Some of the most prominent academics, writers, artists, and human rights activists in Georgia have signed an open letter to the Broadcasting Board of Governors (BBG), the Foreign Relations Committee of the U.S. Senate and the White House, as well as a separate online online petition with over one thousand signatures, in which they defend Radio Free Europe / Radio Liberty (RFE/RL) Georgian Service against pressure from what many critics among RFE/RL employees and outside observers say are senior managers who have become disconnected from the workforce and either behave like dictators or avoid contact with journalists by staying in their offices behind closed doors.

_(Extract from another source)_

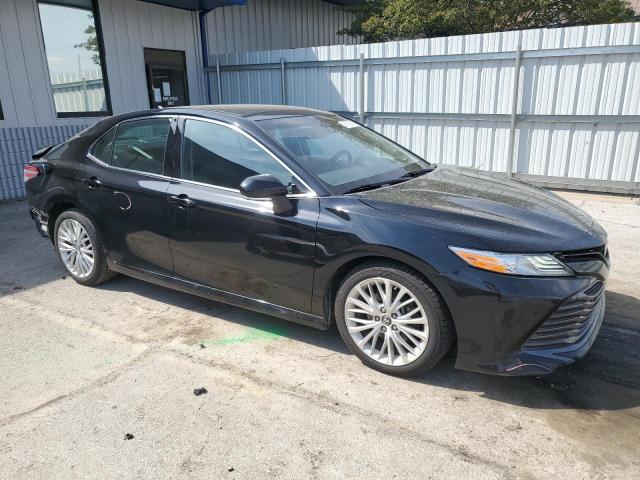 Vin: 4t1b11hk4ju077431, lot: 57579515, toyota camry l 20184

The signatories of the open letter include the rector of Tbilisi State University, world renowned composer Gia Khancheli, world renowned film director Eldar Shengelaia, actor Merab Ninidze, best known for his role in “Nowhere in Africa,” and Vakhtang Kakhidze, the conductor-composer head of the Georgian National Symphony Orchestra.

“We are deeply concerned with reports of possible changes in Radio Tawisupleba’s [RFE/RL Georgian Service] leadership,” members of the Georgian intelligentsia wrote to the Broadcasting Board of Governors (BBG). “We are addressing you, the members of the Broadcasting Board of Governors, with a request to prevent actions that would lead to detrimental transformations in Radio Tavisupleba’s precise and sharp editorial balance, or cause it to even slightly lose that degree of impartiality, which makes it unique in Georgia’s media landscape and which is the base of its prestige and reputation,” their open letter states.

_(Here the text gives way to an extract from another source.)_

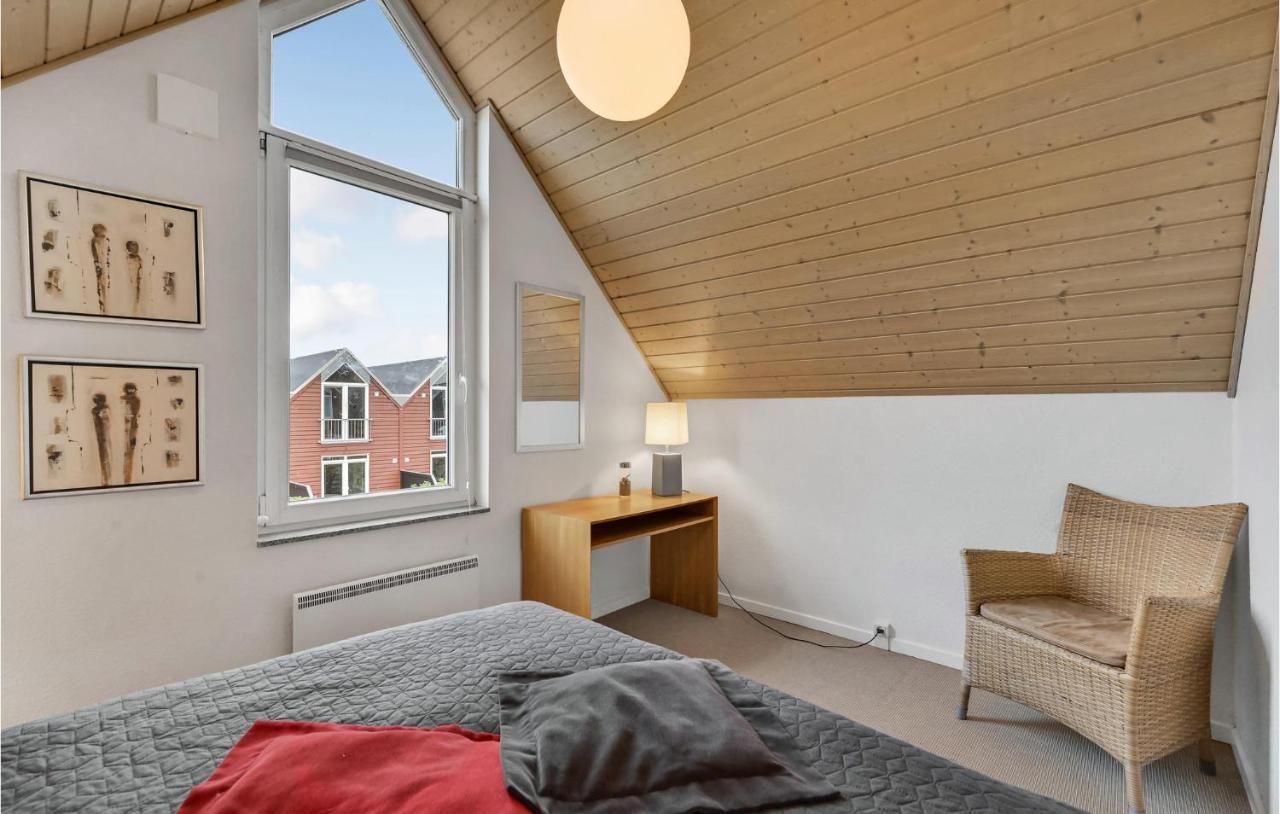 Beautiful Home In Nørre Nebel Eksteriør bilde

RFE/RL Vice President Nenad Pejic

The journalists working in the Georgian Service have sent a separate letter to BBG CEO John Lansing expressing similar concerns. They complained about the “lack of open and collegial discussions” with senior managers and “non-transparency” on their part while voicing full support for the managers in charge of the service whom they credit for defending objective and credible journalism.

Outside observers and critics see such employee solidarity as unprecedented in the general atmosphere of fear created by some of the longtime RFE/RL managers with support from some of the longtime BBG executives who take advantage of what critics say is the lack of leadership and necessary experience on the part of BBG CEO John Lansing and RFE/RL President Thomas Kent.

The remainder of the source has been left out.